Nigeria announced on Thursday that the national team's new 2018 kit line had hit a record three million pre-orders, far outstripping anything that preceded it.
While this was the first time such official sales figures have been announced, it's clearly a number that leaves everything else in its wake.
Such high demand for a Nigeria kit is unprecedented, but NFF Vice President Shehu Dikko explained that they the federation were informed at a meeting with Nike on Thursday that the novel, throwback design was behind the broad appeal.
"They told us Nigeria is their best selling kit due to the uniqueness," Dikko told KweséESPN, "so it appeals to everyone both from a sporting and fashion point of view."
The VP was also quick to end any scepticism about the validity of the figures.
"The three million are not actual sales but orders placed by all of their stores across the world," Dikko added. "These orders will not be delivered at once, but probably over the lifespan of the jerseys, which have a cycle of about two years.
"They cannot produce without orders, and some of these orders may not be delivered until next year," he continued, "but the stores have placed them now to ensure they have consistent supply and don't run out of stock."
It's been nearly three months since the kit reveal, and frustration has grown among Nigerians who have been unable to purchase the attire, especially with less than a month to the World Cup.
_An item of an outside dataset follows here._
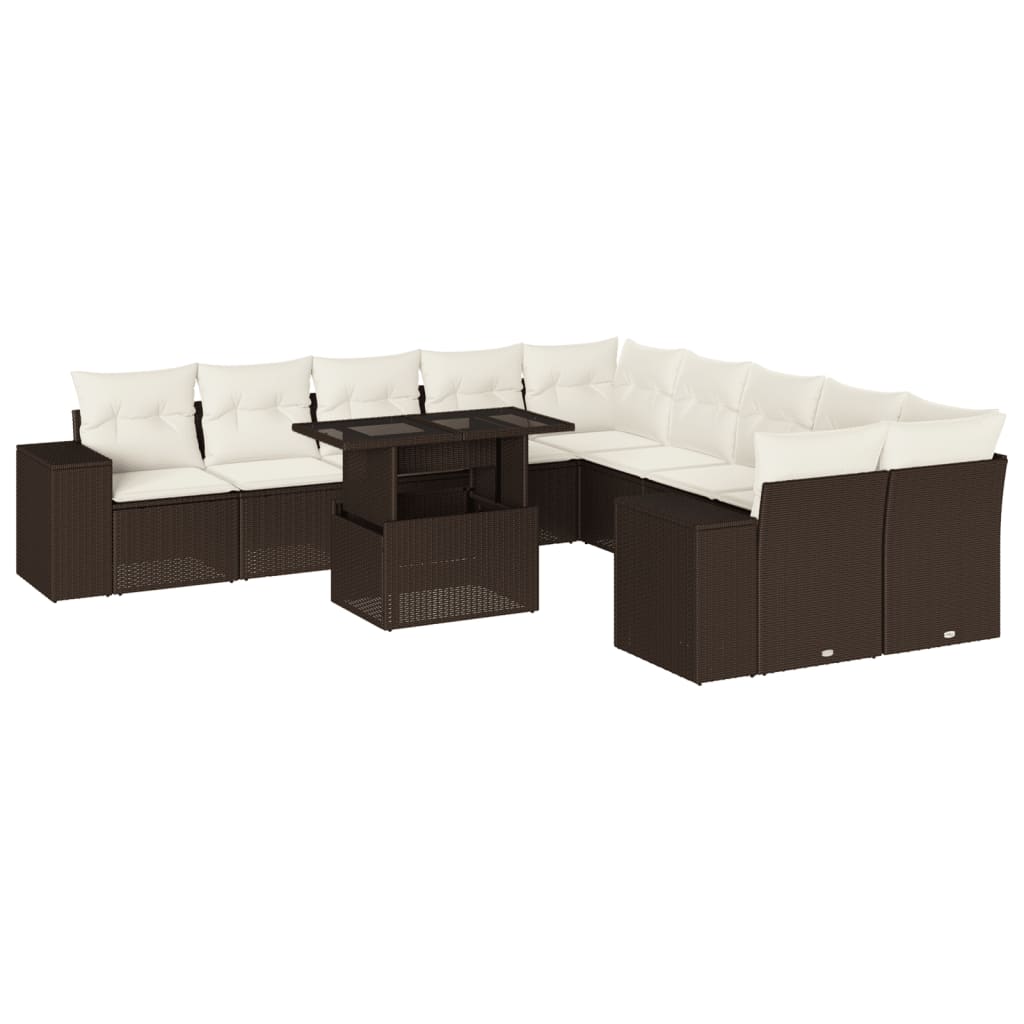 11-tlg. Garten-Sofagarnitur mit Kissen Braun Poly Rattan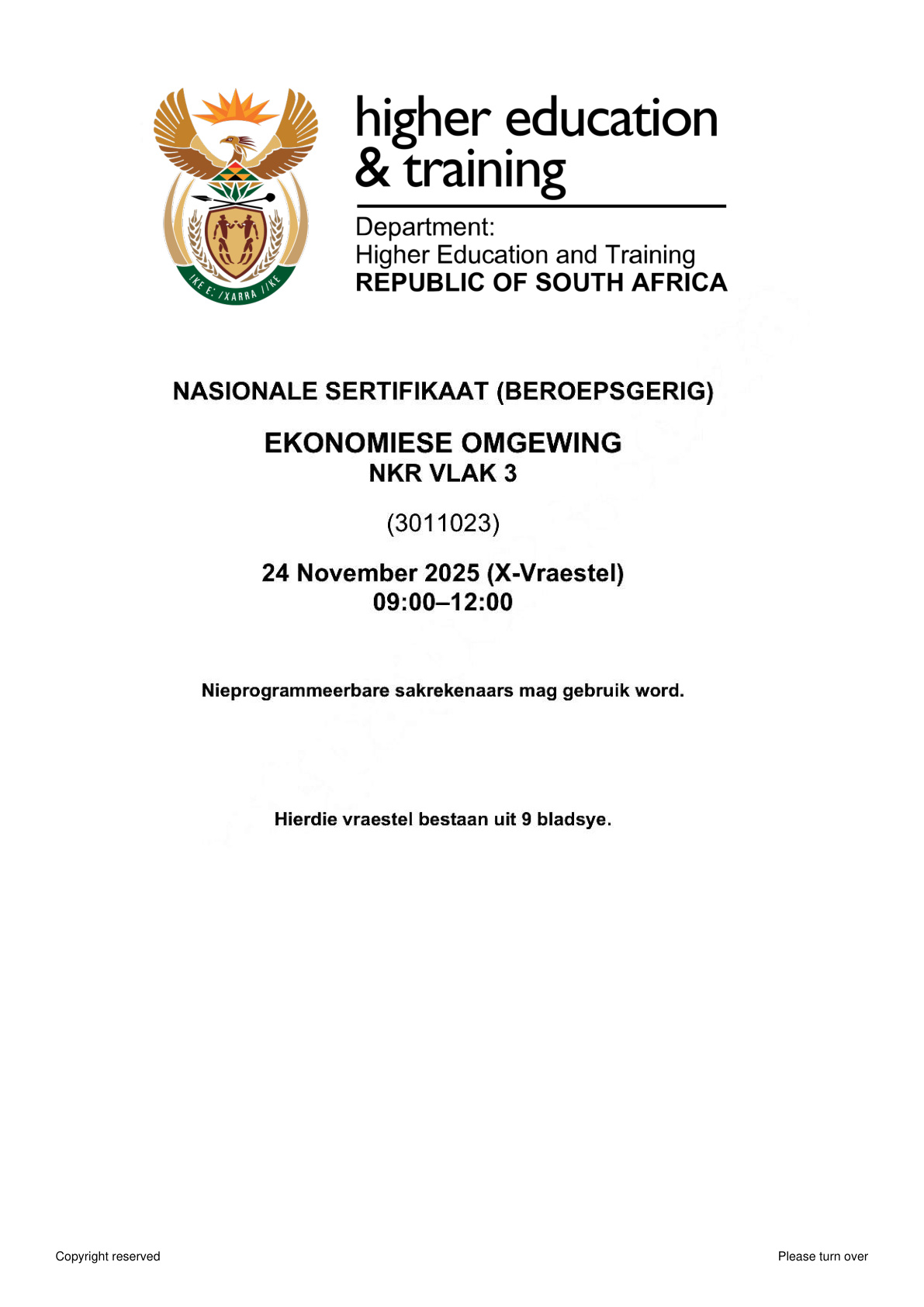Economic Environment Level 3 DHET NCV November 2025 - Question Paper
Cheap knockoffs have flooded the market as a result, retailing for around N10,000, significantly less than the expected $85 (N30,000) that the original will trade for.
This is a constant source of frustration for both the federation and its equipment suppliers, with Dikko arguing that it devalues the brand and compromises the country's ability to negotiate good deals with equipment manufacturers.
"The people who will criticise the NFF for not getting a so-called big sponsorship kit deal are the same ones who will undermine our ability to do so by buying the counterfeit jerseys," said the football official.
"It is hard to negotiate a good deal when the people you are negotiating with have to worry about fakes being sold openly in the market."
It is a situation that is almost unique to Nigeria, where sellers of the fake knockoffs advertise their wares openly online and offline with no fear of consequences.
"It is shocking," says Biola Kazeem, a sports marketing consultant.
"Nigeria is the only place where this kind of criminal behaviour will be allowed to go unchecked. Something needs to be done."
As it stands, Nike do not seem unduly troubled by the rush of fake jerseys flooding the market...perhaps the record number of orders may have had something to do with it.